When we were growing up, we were told to leave the house and figure out the world. This was good for us. We might have nearly died a few times out in the woods doing stupid things, but we didn't die and, more important, we learned how to live and be tough and explore.
When you stick kids in a building for most of the day under the supervision of people paid to be there, they aren't getting the exploration and the mentorship and nurture they were built for.
Our Kids Need to Become Independent, Critical Thinkers
The Christian writer G.K. Chesterton said that we need to give children enough structure and discipline and understanding so that we can then "let good things run wild."
That's basically what we think education should be. Providing the skills and structure and love that children need to then navigate the world, to think independently, to explore, and cultivate a love of true learning.
This is contrary to education that cultivates role memorization, collectivist mindset, groupthink and neglects the many disciplines that were foundational for generations gone by. Groupthink could be the death of us all.
Reading the classics, rhetoric, logic, and learning about the early church fathers and other pillars of Christianity help children think clearly and independently. They also install in children the fact that our faith is actually robust and can stand against arguments and stand the test of time and culture.

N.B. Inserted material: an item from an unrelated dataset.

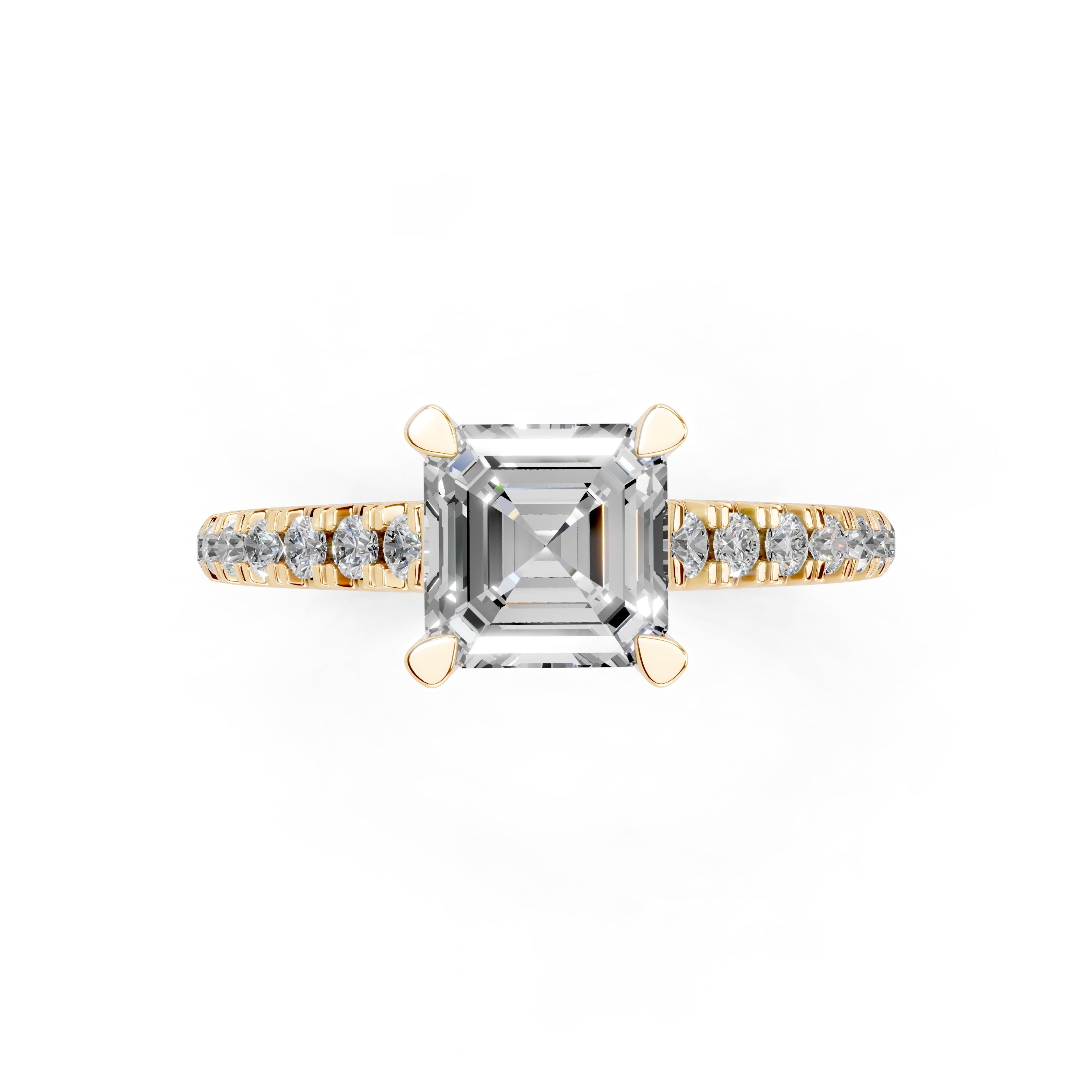 Asscher cut Pave Lab Grown Diamond Engagement Ring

Homeschooling is not for the Faint of Heart
It's not easy, but we also want you to know that it's also not just for the socially awkward among us, though that stereotype persists in some circles still. Homeschooling is the way schooling was done for a very long time, before industrialization and Marxist thinking came in and made public education the "standard" fare.
It certainly takes work, planning, sacrifice, expense, and all those things, but when you're developing the future generations in your family and in the world, can you really afford not to consider what's shaping the young lives entrusted to you?
Train Hard. Train Smart. And for the sake of our future, get rid of the devices and give them the world's best books.